= Miguel de Buría =

First black king born in the Americas

Miguel I of Buría (Spanish: Miguel de Buría; c. 1510 – c. 1555), also known as King Miguel (Spanish: Rey Miguel), Miguel the Black (Spanish: El Negro Miguel) and Miguel Guacamaya, was a former slave from San Juan, Puerto Rico, who reigned as the king of Buría in the modern-day state of Lara, Venezuela. His incumbency began in 1552 and lasted until some point between 1553 and 1555.

He obtained his political influence and the control of the region adjacent to the Buría River after leading the first African rebellion in the country's history. This may have been because Buría had more slaves than other regions in Venezuela, of which most joined Miguel, and was still being contested between the Europeans and the natives, who also joined his side). During this insurrection he took over the Minas de San Felipe de Buría in modern-day Simón Planas Municipality, gold mines established within the area with the consent of the Spanish Crown to pull out the ore that was discovered in the river, a task that heavily depended on slave work. Miguel, who had a reputation as a rebellious slave, resisted an attempt to use a whiplash to discipline him and led several slaves in an escape. The group established themselves in a settlement built in the adjacent jungle, from where incursions were routinely carried into the mines. During these, Miguel would encourage other slaves to join him and seek freedom. In 1552, and accompanied by about 50 slaves, Miguel led an insurrection against foreman Diego Hernández de Serpa. Killing a Spaniard and sacking and burning some houses, the group took some weapons before fleeing towards the vicinity of the San Pedro river.

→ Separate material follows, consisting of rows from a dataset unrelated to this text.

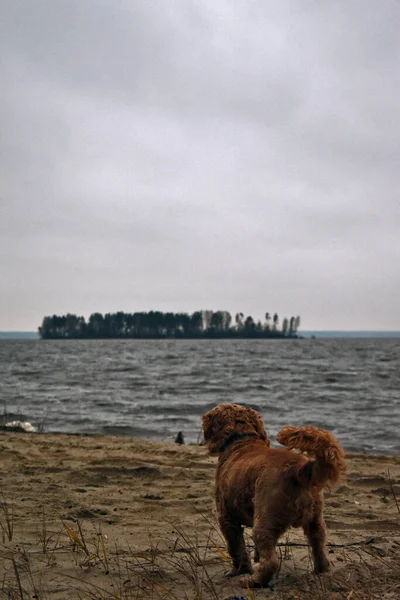 Dog Cocker Spaniel Spaceruje Brzegu Rzeki — Zdjęcie stockowe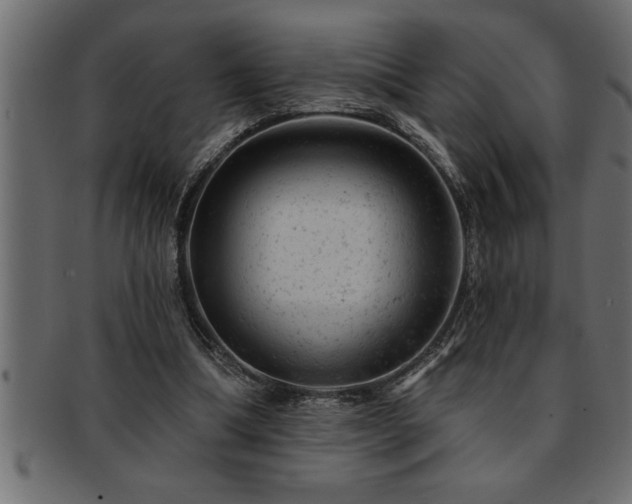 X0000093170298200709261534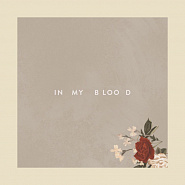 Shawn Mendes - In My Blood Noten für Piano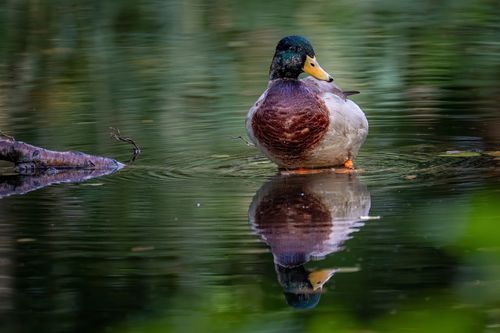 Free A serene mallard duck floats on a pond, its reflection mirrored in the calm water. Stock Photo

With his following rearranged to form an army, Miguel I established his royal lineage with his wife Guiomar as queen and their son as prince. His birth and upbringing in San Juan made him the first black king born in the Americas, also influencing him to use the European format for his kingdom. In his settlement, Miguel I also created his own church, naming one of the former slaves bishop. Officers were assigned to the royal household. Other functionaries named included ministers and councilors of state. The Spanish expected more attacks in the region and fortified Nueva Segovia. Miguel led his forces in a clash against those led by Diego de Losada, but was killed in the ensuing battle. The fall of the king led to the dissolution of the political entity that he created, and the remaining survivors were captured and reintroduced to slavery.

==Early life==
In 1517, Charles V authorized the capture and displacement of thousands of Africans into slavery to the Caribbean, due to a desire for free labor in the (mining and agrarian) Spanish settlements of the region. In the process, a limitation that only allowed Christians in the voyages to the New World was eliminated, allowing slavers to bring Africans directly from their countries of origin. Between 1530 and 1533, the progression of the colonization of Trinidad and Venezuela attracted local settlers to that area of South America (among them, Conquistador Antonio de Sedeño). In 1552, the settlement of Nueva Segovia de Barquisimeto was founded by, among others Damian and Pedro del Barrio. The first had discovered abundant gold deposits at the Buría river, where mines under the service of the Spanish Crown were established under the name Real de Minas de San Felipe de Buria in honor of Philip the Apostle. In addition to local Jirajara natives, enslaved Africans were brought to extract the metal, among them was Miguel. He was a Christianized African, a class known as ladino (a term that also applied to natives), and knew the Spanish language. Miguel was displaced to Venezuela by Damián del Barrio. Eventually, he passed into enslavement by Pedro del Barrio, the latter's son. Miguel was forced to work in the Real de Minas de San Felipe de Buría in the state of Yaracuy. Pedro de Aguado noted that the African man was "proud" (others called him arrogant) and "well versed in cunningness". It was reportedly known among the Spaniards that Miguel had intentions of rebelling, at one point allegedly killing another enslaved African after revealing this secret.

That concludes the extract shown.